Prompt:
Please copy the lines below exactly, from the first one through the line showing "Żel pod prysznic Deeply Nourishing Dove".

Records from a collection
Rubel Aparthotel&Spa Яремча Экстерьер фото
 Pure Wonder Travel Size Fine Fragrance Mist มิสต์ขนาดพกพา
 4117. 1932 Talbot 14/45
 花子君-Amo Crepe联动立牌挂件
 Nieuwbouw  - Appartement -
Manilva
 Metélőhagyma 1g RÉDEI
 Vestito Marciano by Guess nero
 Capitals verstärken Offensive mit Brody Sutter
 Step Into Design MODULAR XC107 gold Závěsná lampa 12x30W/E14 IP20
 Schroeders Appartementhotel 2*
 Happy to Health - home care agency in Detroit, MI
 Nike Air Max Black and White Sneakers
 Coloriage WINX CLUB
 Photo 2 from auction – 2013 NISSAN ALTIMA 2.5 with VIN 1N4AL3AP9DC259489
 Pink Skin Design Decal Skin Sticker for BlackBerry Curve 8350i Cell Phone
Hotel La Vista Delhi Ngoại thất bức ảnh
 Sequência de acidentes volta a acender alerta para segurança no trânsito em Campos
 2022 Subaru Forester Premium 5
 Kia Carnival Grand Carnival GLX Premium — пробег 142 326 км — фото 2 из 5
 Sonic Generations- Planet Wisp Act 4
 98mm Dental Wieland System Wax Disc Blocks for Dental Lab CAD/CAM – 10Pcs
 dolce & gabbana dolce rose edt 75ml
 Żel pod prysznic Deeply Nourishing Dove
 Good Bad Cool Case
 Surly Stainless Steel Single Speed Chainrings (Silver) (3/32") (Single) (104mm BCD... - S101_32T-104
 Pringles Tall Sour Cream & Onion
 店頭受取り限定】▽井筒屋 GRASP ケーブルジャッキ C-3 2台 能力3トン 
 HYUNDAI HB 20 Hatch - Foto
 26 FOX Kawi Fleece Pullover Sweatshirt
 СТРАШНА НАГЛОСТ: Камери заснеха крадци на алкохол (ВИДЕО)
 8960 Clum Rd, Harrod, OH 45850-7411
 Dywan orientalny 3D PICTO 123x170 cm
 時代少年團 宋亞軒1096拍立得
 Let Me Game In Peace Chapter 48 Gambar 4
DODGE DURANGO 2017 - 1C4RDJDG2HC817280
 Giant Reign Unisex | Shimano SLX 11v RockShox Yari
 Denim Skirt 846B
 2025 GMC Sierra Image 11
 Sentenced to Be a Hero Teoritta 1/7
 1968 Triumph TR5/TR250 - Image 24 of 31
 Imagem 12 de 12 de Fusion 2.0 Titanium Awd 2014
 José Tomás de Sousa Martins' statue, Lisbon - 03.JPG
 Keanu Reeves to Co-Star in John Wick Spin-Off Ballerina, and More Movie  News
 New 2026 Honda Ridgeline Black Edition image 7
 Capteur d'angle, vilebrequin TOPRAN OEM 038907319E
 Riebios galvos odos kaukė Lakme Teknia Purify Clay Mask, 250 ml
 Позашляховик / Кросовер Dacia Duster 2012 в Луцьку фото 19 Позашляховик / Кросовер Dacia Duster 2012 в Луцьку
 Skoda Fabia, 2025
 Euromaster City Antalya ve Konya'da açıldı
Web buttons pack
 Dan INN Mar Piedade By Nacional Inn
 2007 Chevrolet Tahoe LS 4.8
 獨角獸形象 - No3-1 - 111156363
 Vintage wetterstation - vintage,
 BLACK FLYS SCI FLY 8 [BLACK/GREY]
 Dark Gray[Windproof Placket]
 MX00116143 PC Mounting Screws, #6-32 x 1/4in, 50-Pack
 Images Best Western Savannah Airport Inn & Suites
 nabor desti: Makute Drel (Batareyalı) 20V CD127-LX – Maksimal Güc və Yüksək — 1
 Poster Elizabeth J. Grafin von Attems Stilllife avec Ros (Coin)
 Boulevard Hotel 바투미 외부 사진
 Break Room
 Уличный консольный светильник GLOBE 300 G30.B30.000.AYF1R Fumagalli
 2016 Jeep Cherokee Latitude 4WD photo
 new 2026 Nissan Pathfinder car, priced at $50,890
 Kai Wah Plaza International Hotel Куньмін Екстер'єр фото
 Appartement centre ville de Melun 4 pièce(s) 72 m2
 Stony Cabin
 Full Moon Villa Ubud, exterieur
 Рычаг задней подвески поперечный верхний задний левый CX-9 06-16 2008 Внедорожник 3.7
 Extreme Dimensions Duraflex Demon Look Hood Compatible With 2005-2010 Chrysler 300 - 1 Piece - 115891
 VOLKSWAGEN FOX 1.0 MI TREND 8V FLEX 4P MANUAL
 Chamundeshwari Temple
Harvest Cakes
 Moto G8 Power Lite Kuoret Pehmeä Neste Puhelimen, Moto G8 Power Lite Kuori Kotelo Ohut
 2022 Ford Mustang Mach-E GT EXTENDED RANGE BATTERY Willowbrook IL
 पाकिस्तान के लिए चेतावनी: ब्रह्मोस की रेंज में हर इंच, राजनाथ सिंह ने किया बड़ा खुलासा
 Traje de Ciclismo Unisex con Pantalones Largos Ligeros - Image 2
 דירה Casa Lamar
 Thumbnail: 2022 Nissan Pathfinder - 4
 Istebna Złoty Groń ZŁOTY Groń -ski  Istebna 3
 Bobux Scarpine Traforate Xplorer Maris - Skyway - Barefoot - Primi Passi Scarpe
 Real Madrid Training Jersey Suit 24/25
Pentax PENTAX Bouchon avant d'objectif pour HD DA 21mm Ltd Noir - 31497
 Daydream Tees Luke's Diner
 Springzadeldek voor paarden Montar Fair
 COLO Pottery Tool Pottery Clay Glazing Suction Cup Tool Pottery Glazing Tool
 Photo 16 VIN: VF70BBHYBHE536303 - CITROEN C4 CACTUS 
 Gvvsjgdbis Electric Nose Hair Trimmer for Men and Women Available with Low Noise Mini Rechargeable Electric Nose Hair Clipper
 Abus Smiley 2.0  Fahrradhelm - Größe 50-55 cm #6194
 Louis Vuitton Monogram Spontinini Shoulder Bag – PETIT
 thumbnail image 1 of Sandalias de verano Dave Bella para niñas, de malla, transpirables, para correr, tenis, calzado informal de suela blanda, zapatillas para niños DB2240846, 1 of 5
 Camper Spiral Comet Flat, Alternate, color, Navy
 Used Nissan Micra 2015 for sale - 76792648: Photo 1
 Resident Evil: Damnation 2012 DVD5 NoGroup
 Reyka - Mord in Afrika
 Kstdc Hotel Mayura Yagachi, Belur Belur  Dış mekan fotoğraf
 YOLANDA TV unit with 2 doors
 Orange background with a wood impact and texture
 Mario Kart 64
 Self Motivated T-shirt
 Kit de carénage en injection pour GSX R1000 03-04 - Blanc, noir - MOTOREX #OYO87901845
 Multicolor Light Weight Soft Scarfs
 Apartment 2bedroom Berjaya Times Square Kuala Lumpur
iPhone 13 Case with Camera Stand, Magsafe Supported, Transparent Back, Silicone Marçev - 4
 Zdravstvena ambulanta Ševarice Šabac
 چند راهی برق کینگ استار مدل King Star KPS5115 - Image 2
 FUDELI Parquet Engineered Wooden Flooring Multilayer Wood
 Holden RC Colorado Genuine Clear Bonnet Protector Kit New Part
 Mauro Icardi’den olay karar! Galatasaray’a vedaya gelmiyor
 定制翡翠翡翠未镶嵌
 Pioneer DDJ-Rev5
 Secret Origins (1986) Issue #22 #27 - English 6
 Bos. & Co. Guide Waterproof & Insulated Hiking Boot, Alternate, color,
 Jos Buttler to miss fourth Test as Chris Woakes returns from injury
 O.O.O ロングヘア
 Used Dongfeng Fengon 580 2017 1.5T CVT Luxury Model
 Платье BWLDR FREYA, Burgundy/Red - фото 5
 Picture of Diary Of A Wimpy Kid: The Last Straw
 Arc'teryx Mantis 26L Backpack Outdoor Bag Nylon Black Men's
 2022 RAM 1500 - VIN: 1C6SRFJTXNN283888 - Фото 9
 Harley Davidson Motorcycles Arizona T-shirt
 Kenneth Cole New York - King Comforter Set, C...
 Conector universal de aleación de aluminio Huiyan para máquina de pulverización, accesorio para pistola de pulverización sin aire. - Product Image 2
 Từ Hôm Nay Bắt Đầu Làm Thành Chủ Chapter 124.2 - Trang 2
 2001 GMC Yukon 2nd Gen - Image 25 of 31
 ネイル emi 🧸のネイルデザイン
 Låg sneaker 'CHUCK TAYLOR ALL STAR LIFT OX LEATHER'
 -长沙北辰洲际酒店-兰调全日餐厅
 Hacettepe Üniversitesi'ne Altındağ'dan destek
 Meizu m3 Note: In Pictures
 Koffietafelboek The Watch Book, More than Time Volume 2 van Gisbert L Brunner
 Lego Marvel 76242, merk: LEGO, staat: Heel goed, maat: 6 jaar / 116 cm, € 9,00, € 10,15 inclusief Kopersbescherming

Your solution:
Rubel Aparthotel&Spa Яремча Экстерьер фото
 Pure Wonder Travel Size Fine Fragrance Mist มิสต์ขนาดพกพา
 4117. 1932 Talbot 14/45
 花子君-Amo Crepe联动立牌挂件
 Nieuwbouw  - Appartement -
Manilva
 Metélőhagyma 1g RÉDEI
 Vestito Marciano by Guess nero
 Capitals verstärken Offensive mit Brody Sutter
 Step Into Design MODULAR XC107 gold Závěsná lampa 12x30W/E14 IP20
 Schroeders Appartementhotel 2*
 Happy to Health - home care agency in Detroit, MI
 Nike Air Max Black and White Sneakers
 Coloriage WINX CLUB
 Photo 2 from auction – 2013 NISSAN ALTIMA 2.5 with VIN 1N4AL3AP9DC259489
 Pink Skin Design Decal Skin Sticker for BlackBerry Curve 8350i Cell Phone
Hotel La Vista Delhi Ngoại thất bức ảnh
 Sequência de acidentes volta a acender alerta para segurança no trânsito em Campos
 2022 Subaru Forester Premium 5
 Kia Carnival Grand Carnival GLX Premium — пробег 142 326 км — фото 2 из 5
 Sonic Generations- Planet Wisp Act 4
 98mm Dental Wieland System Wax Disc Blocks for Dental Lab CAD/CAM – 10Pcs
 dolce & gabbana dolce rose edt 75ml
 Żel pod prysznic Deeply Nourishing Dove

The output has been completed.